ORLANDO -- The contractor for a proposed bullet train system said Thursday that the state will turn a profit on high-speed rail, challenging Gov. Jeb Bush's concerns about the cost of the venture.

Representatives from Fluor-Bombardier told members of the Florida High Speed Rail Authority that the state not only would recoup its investment, pegged at $75 million annually for 30 years, but also could reap more than $400 million in net revenue over that time.

"It will be one of the best investments of public transportation that the state will ever see," authority member and Lakeland businessman C.C. "Doc" Dockery said.

Bush had complained about the price of the constitutionally mandated system in a letter to lawmakers last week.

"The state of Florida will pay an exorbitant price for high-speed rail -- a price that simply cannot be justified," Bush wrote while asking legislators to support a ballot measure to cancel the project. "We will spend billions of dollars before a single rider supports the system."
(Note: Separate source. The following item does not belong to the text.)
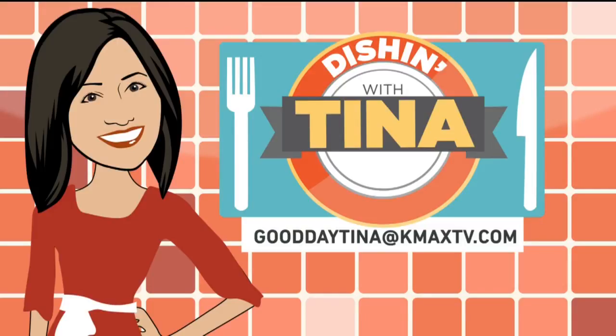Devine Bakery and Gelateria here in the McKinley Park area is open every day starting at 6:30, Sunday starting at 7, but they're closed on Mondays. If you have an idea for Tina and she wants to know about it, just email her at gooddaytina at KMAX.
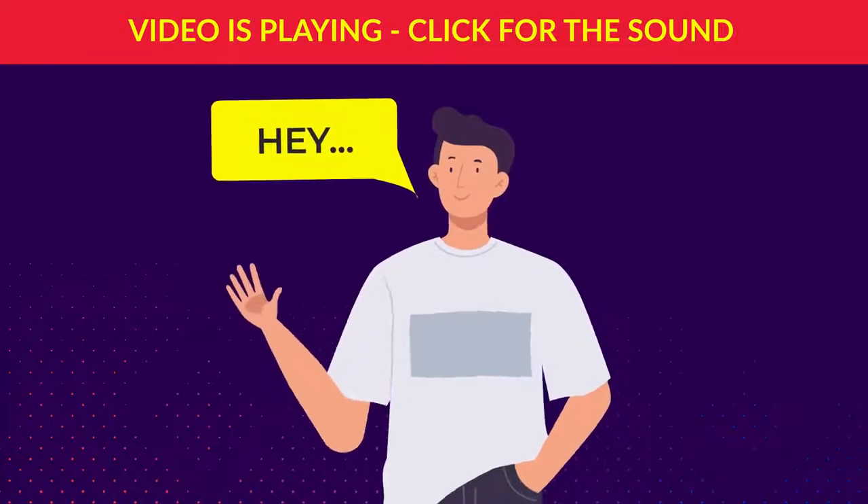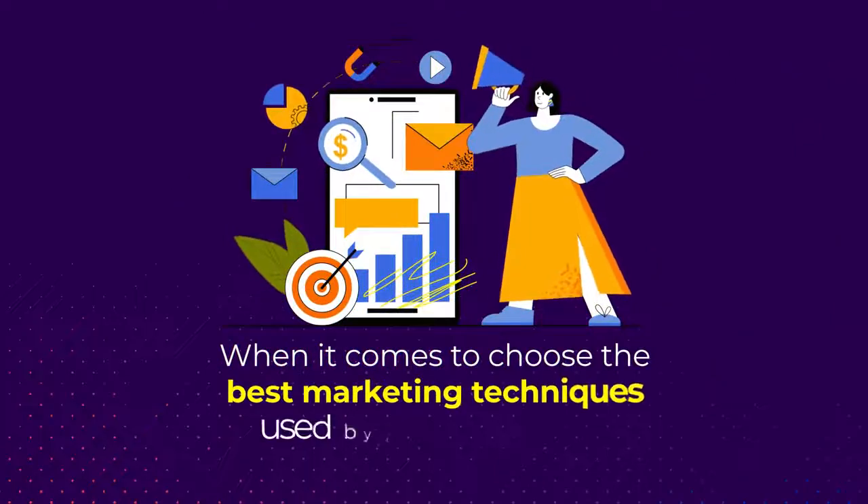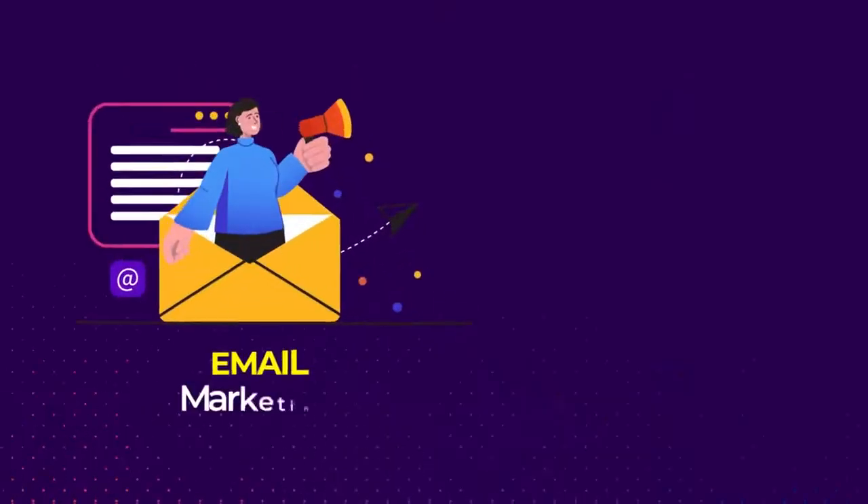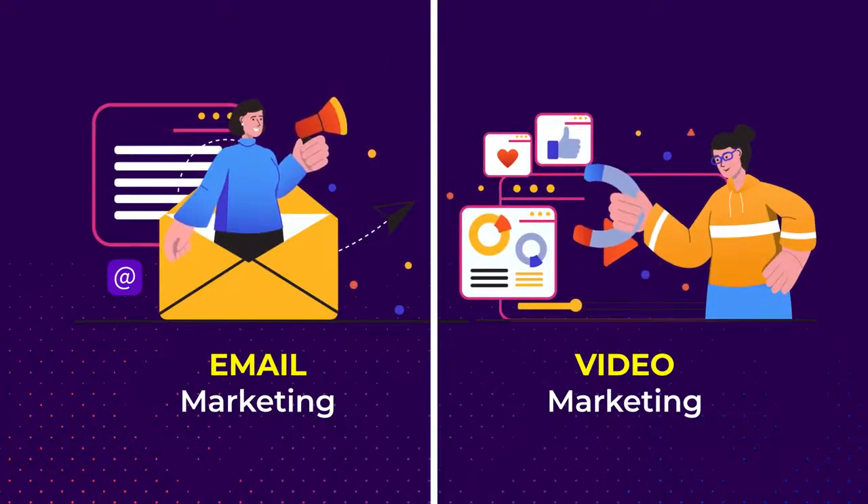Hey, stop and pay close attention to what I'm about to say. When it comes to choosing the best marketing techniques used by top marketers, there's no doubt in the fact that email marketing and video marketing stand at par with each other.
Fluor-Bombardier's winning bid to design, build, operate and maintain the rail system's first leg, linking Orlando and Tampa, came in at more than $2 billion.
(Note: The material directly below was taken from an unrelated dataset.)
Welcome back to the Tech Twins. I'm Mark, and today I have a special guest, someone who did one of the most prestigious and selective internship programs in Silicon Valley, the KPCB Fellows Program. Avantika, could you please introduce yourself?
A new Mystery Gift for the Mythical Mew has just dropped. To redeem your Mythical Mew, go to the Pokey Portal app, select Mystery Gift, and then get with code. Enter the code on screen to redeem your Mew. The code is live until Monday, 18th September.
If the bid's proposal was implemented without any changes, the state would get back $419 million, Fluor-Bombardier said.

"This is the kind of information that the governor either doesn't understand or didn't include in his letter," said authority chairman Fred Dudley, who was appointed to the bullet train panel by Bush.

Bush spokeswoman Alia Faraj said too many questions remain about the assumptions of ridership and revenue used by Fluor-Bombardier and the authority, which is why the governor wants to repeal the amendment.

Four years ago, $6.3 billion -the cost of a similar project that would have linked Tampa, Orlando and Miami -- was too much for Bush, and he ended Florida Overland EXpress (FOX) shortly after taking office.

Because the authority wants to alter Fluor-Bombardier's proposal, the revenue the state could garner would be less than the projected $419 million.

At Thursday's meeting, contract committee members Dockery, Dudley and Leila Nodarse voted unanimously to recommend to the full authority that Fluor-Bombardier should double-track the line and prepare it for electric trains, although the first trains will be turbinepowered.

Those changes would add about $300 million to the proposal's cost while cutting the revenue stream to $176 million over 30 years, Fluor-Bombardier said.

With Fluor-Bombardier winning the authority's contract only six weeks ago, this was the first time the partnership of the two companies could present the positive numbers it promised during the bidding process.

"We think it represents a very good deal for the state," said Lecia Stewart, Bombardier's vice president for high speed rail in North America.

The full authority will vote whether to ask Fluor-Bombardier to make changes to its proposal at its meeting in Orlando on Wednesday.

Dockery said the contract committee's recommendations on the system's technology also gives the authority a base from which to start negotiations with FluorBombardier.

"The price on this will come down," Dockery said.